A person does commit an offence if, they make a statement that the person knows to be false or misleading in a material way, or recklessly makes a statement that is false or misleading in a material way and can be imprisoned for up to 2 years.

Who can apply for an UWO

Only law enforcement agencies can apply for such an order, so these cannot be used by estranged husbands or wives contemplating divorce proceedings. The “enforcement authority” is defined in S362A (7) as:

(a) the National Crime Agency,

(b) Her Majesty’s Revenue and Customs,

(c) the Financial Conduct Authority,

(d) the Director of the Serious Fraud Office, or

(e) the Director of Public Prosecutions

Other law enforcement agencies who do not have access to these powers such as Councils or Trading Standard cannot therefore apply directly for a UWO. However, they could consider referring a suitable case to an enforcement authority.

Can you legally challenge a UWO?

As with the case of Mrs Hajiyev, it is possible to challenge a UWO in a number of ways. If for example it is suspected that you have been involved in serious crime, in some circumstances you may be able to show that this is not the case, for example if you could prove that you are not the individual concerned or that the crime did not take place, but this is likely to be extremely difficult. Mrs Hajiyev unsuccessfully argued that she was not an associate of a PEP so a similar argument could also be made where for example there is an argument that the individual did not meet the test for being a PEP or are not associated with.

If the allegation is that the person is a PEP (or a close associate of that PEP) outside of the EEA, it may be possible to prove that this is in fact incorrect.

However, these types of challenges may be rare as one would assume that law enforcement already has fairly good intelligence or evidence to link those persons to public positions or serious crime before undertaking the expense of making an application for such an order.

Will I be named in Court?

The Hajiyeva case demonstrated that the court was unwilling to allow her to remain anonymous. The court originally did grant her anonymity but that decision was overturned following an argument by the media that the public ought to know her identity.

The future of UWO’s

Following the Hajiyeva case, Donald Toon, NCA Director for Economic Crime, said, “We are determined to use the powers available to us to their fullest extent where we have concerns that we cannot determine legitimate sources of wealth.”

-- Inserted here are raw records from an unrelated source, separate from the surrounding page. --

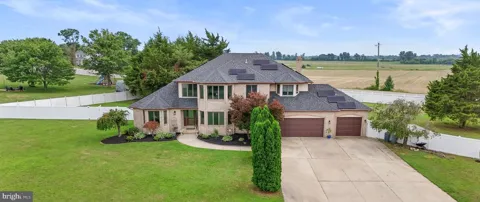 15 W HICKORY LANE
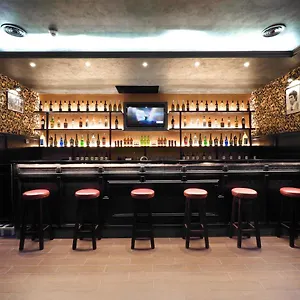 Hostal Alessandro Downtown & Bar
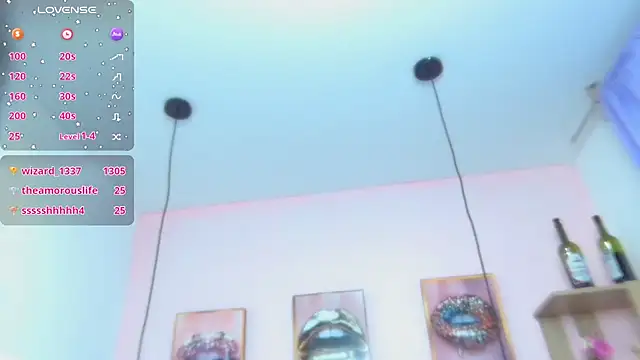 Vaioletcooper online show from 02-13-25, 10:33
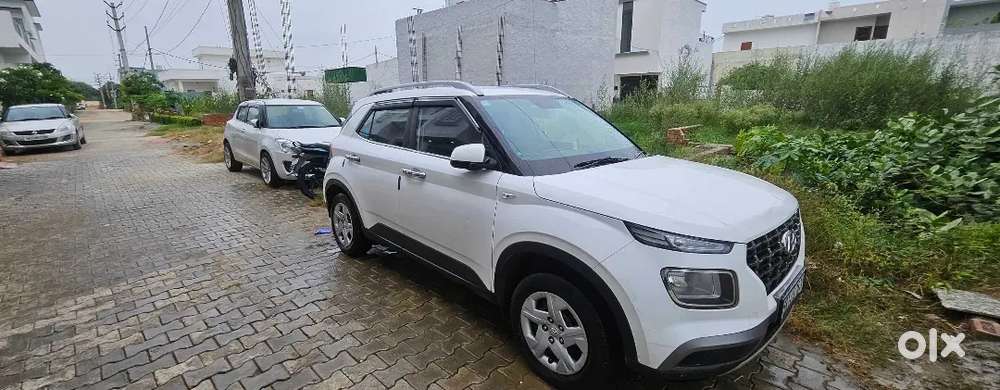 Hyundai Venue 2021 Petrol 62358 Km Driven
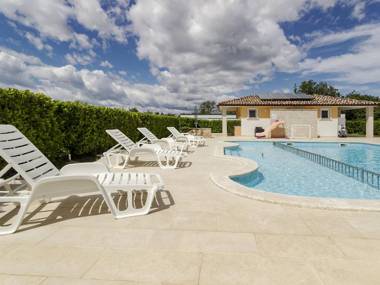 Elegant Apartment in Banjole near Fratarski Otok Island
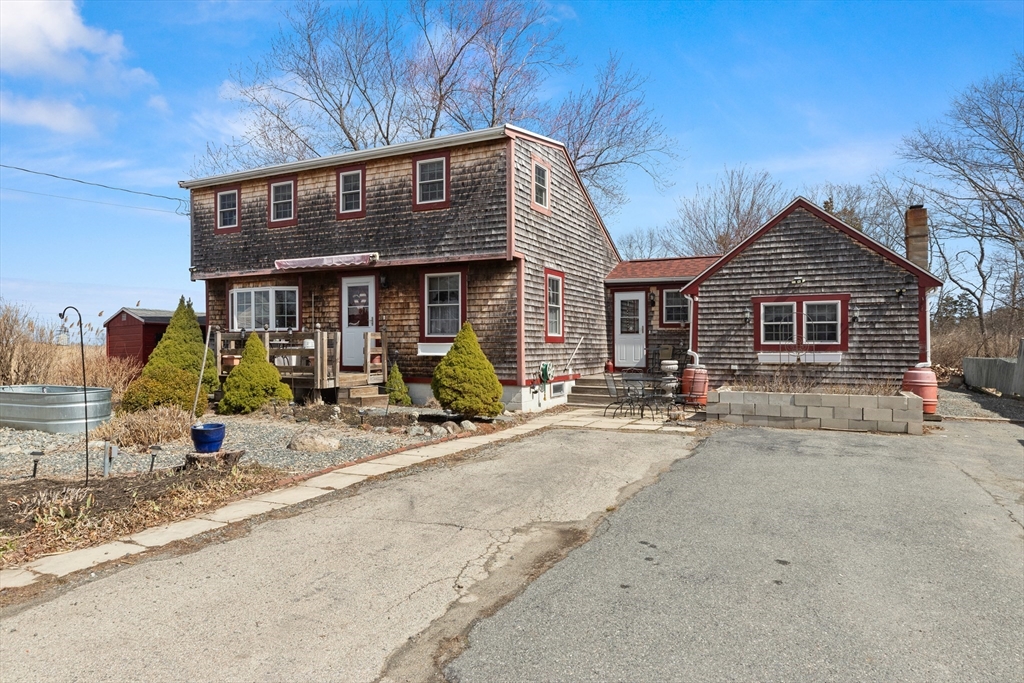 123 Jeffreys Neck Rd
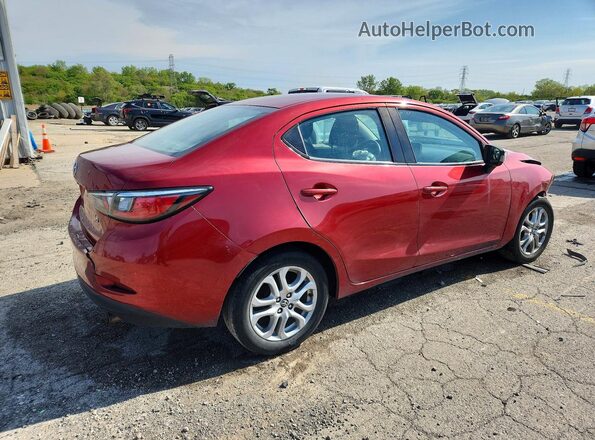 3MYDLBYV3HY171235 2017 TOYOTA YARIS Red Rear right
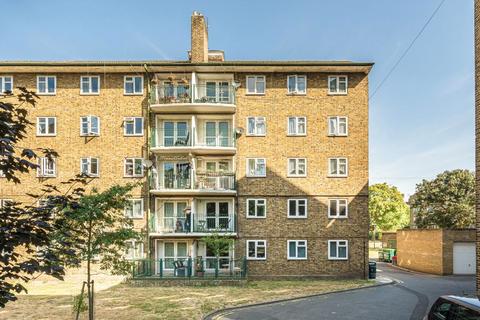 3 bedroom flat to rent, Lambeth Walk, London SE11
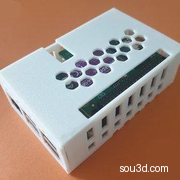 树莓派5 带主动散热器和固态硬盘的外壳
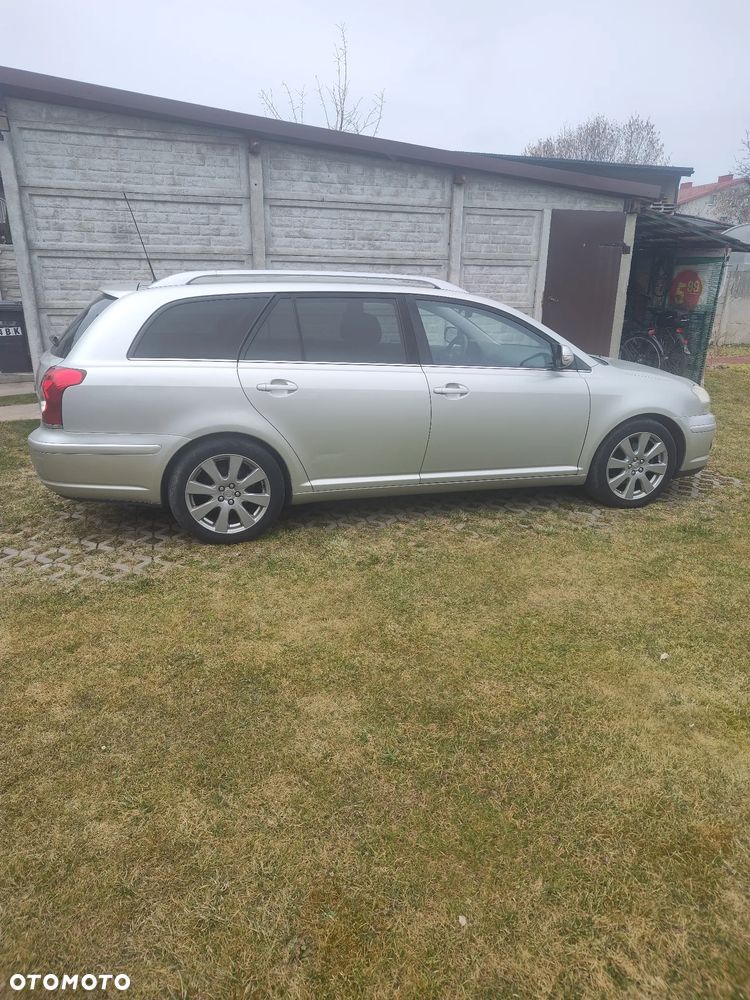 Toyota Avensis 2.0 D-4D - 9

It is clear in my view that these orders are here to stay and given that they are relatively easy to obtain, I predict that applications will increase year on year. I can recall when the Proceeds of Crime Act came into force and many believed it was a doubtful that it would be commonly used. It is right to say that in the early years the act was only used in a limited number of cases where it was clear that the offender had assets. Nowadays however in my experience virtually all trigger cases result in a financial investigation and Proceeds of Crime Act proceedings.

What do I do if I receive a UWO?

In order to protect you and your assets it is important that you act quickly and obtain expert legal advice. Ensure that you do your best to gather and keep secure any material and documentation which is likely to assist in demonstrating that the property came from a legitimate source or source of income.